Wednesday, December 17, 2008

Planning the Budget for a Successful HOA

I came across an article on HOA budgets in one of our real estate related newsletters. Since I work on the finance committee of a local HOA, it caught my eye. Here is an edited version:

Every homeowner association needs a well crafted annual budget to calculate the fees to be paid by the members. A review and revision should happen each year without exception because costs change every year. Failure to revise (read "increase") each year will put the HOA deeper and deeper in the hole. There are number of areas that every budget review should include:

Historical Operating Expenses. Examine the most recent 12 months' expenses to determine your base for each expense line item.

Anticipated Increases. Utility costs typically increase every year. Contract services also are subject to increase.

Contingency. HOAs often experience unforeseen expenses and/or revenue shortfall. Add 5-10% of the total budget to cover this.

Reserve Funds. Every HOA should set aside funds for future common element repairs and replacements. Both Fannie Mae and Freddie Mac (the entities that underwrite most home mortgages) require at least 10% of the condominium annual revenues be dedicated to reserves. For HOAs with little common area or few common elements, 10% may suffice but condominiums often need 25% or more of the annual budget dedicated to this purpose.

Experts advise not comparing the fees of one association too closely to that of another association. The financial fingerprint of each HOA is unique...no two are alike. The budget needs to be based on the specific services required to maintain the operation and reserves, not what the Joneses are doing. The Joneses may be headed for disaster. Even similar HOAs can have very different financial requirements. Some have higher insurance premiums due to prior claims. Some have funded their reserves appropriately, some are catching up, and some haven't even started yet. Some take care of repairs on a pro-active basis and some have deferred maintenance. Some have earthquake insurance, cable TV and Internet access and some don't. In other words, the "HOA fee" doesn't include the same costs in all complexes so comparing the bottom line without knowing what created it is meaningless. Your HOA fees should be based on specific needs, not the neighbor's.

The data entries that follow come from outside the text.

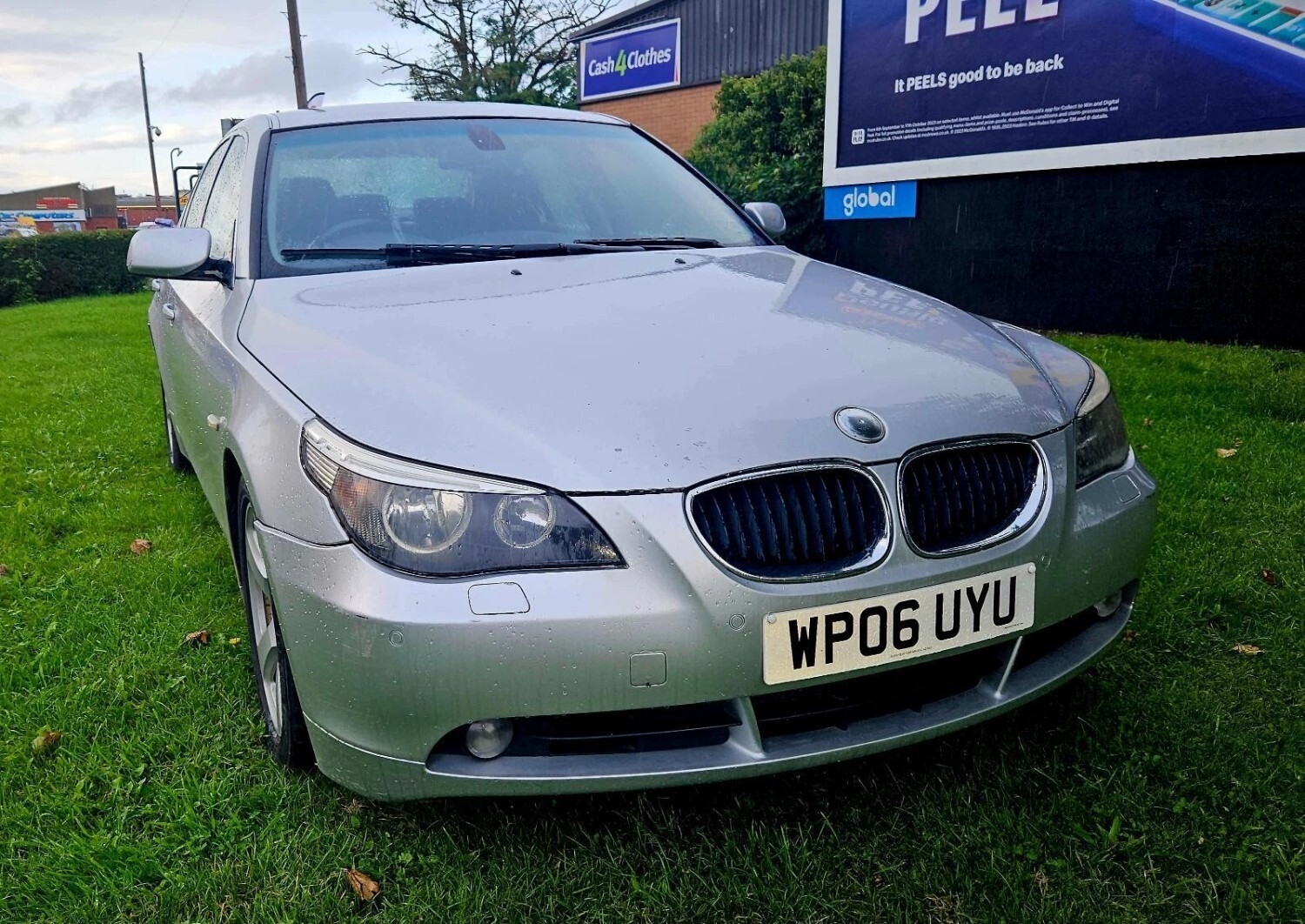 Used BMW 5 Series 2006 for sale - 76493812: Photo 2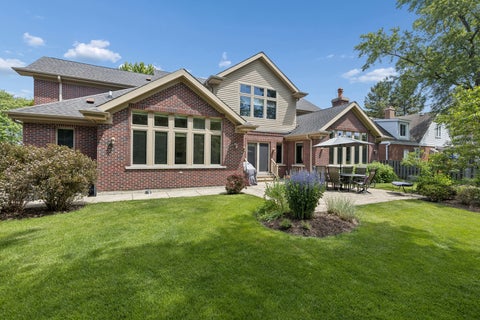 Tiny photo for 860 Kenton Road, Deerfield, IL 60015 (MLS # 12653050)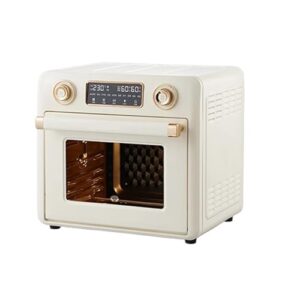 ONDIAN Food essentials and family helpers Smart Air Fryer Oil-free Electric Fryer Small Kitchen Utensils 40L Large Capacity Air Fryer Touch Screen Display Smart assistant Enjoy life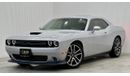 Dodge Challenger R/T 2021 Dodge Challenger RT, 2027 Dodge Warranty, Full Dodge Service History, Full Options, Low Kms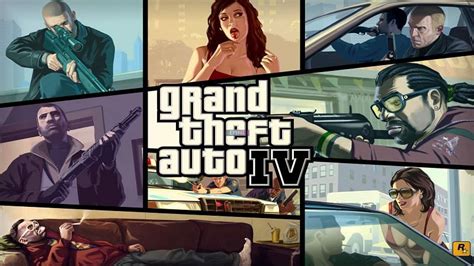 5 reasons why GTA IV is the most underrated title in the series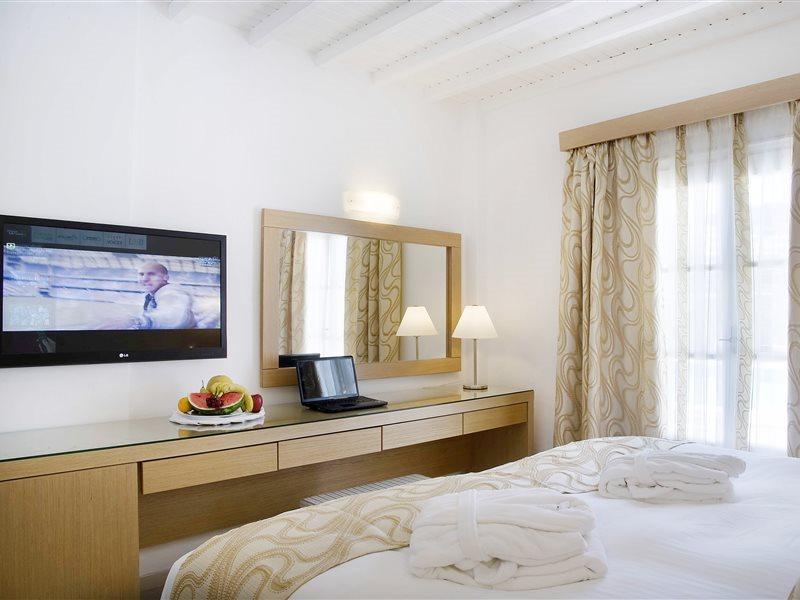 Dionysos Luxury Hotel Mykonos Ornos  Exteriér fotografie
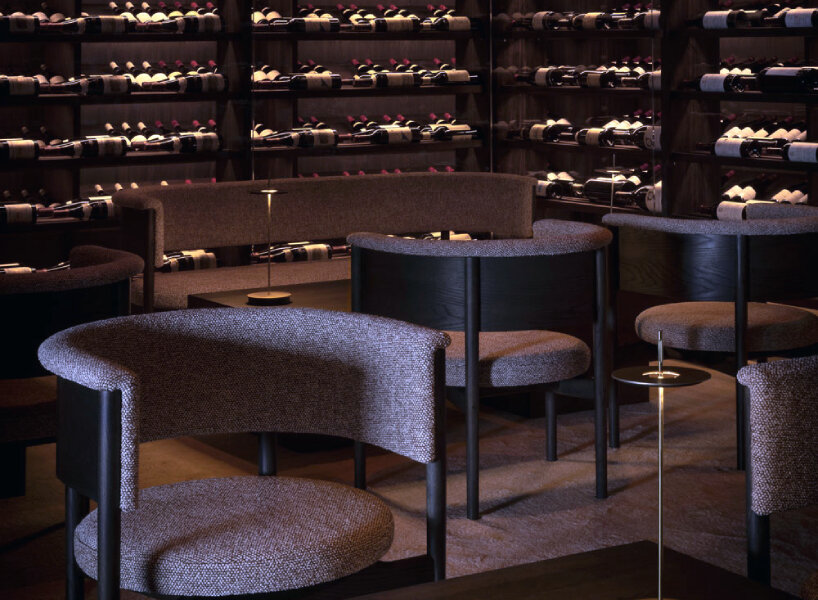 glass house, michelin-starred ‘restaurant ÄNG’ stands out as a diamond prism in greenfield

What about cost cutting? Most HOA expenses are not discretionary but there are some areas with great potential for savings, such as:

Insurance. Increasing the insurance deductible lowers the premium. However, if this is done, there should be an Insurance Deductible reserve spread over, say, three years to cover at least one claim. If no claims are filed during the three years, the money is saved.

Landscaping Renovation. Older HOAs often have vast turf areas which are very expensive to maintain. Replacing turf areas with planting beds filled with drought resistant plants and bushes can dramatically reduce costs.

Lighting. Compact fluorescent bulbs use 70% less energy and last years longer than traditional incandescent bulbs. They usually work with existing fixtures and the brighter light they cast enhances security.

Heating & Air Conditioning. If the HOA provides central heating and air conditioning, it is often worth installing new energy efficient equipment. Your utility company usually can provide you a cost/benefit analysis. The older your existing equipment, the faster the payback.

Hot Water Heating System. The same cost/benefit approach applies to central hot water systems. Investing in new equipment can often pay back in only a few years with the energy costs savings.

In the final analysis, the board is charged with running business in the best interest of all members. Sometimes that means ruffling a few feathers. But the board has the fiduciary duty to set the HOA fees at a level that is adequate to cover realistic operating and reserve expenses. Budgeting for success means planning, leadership and execution.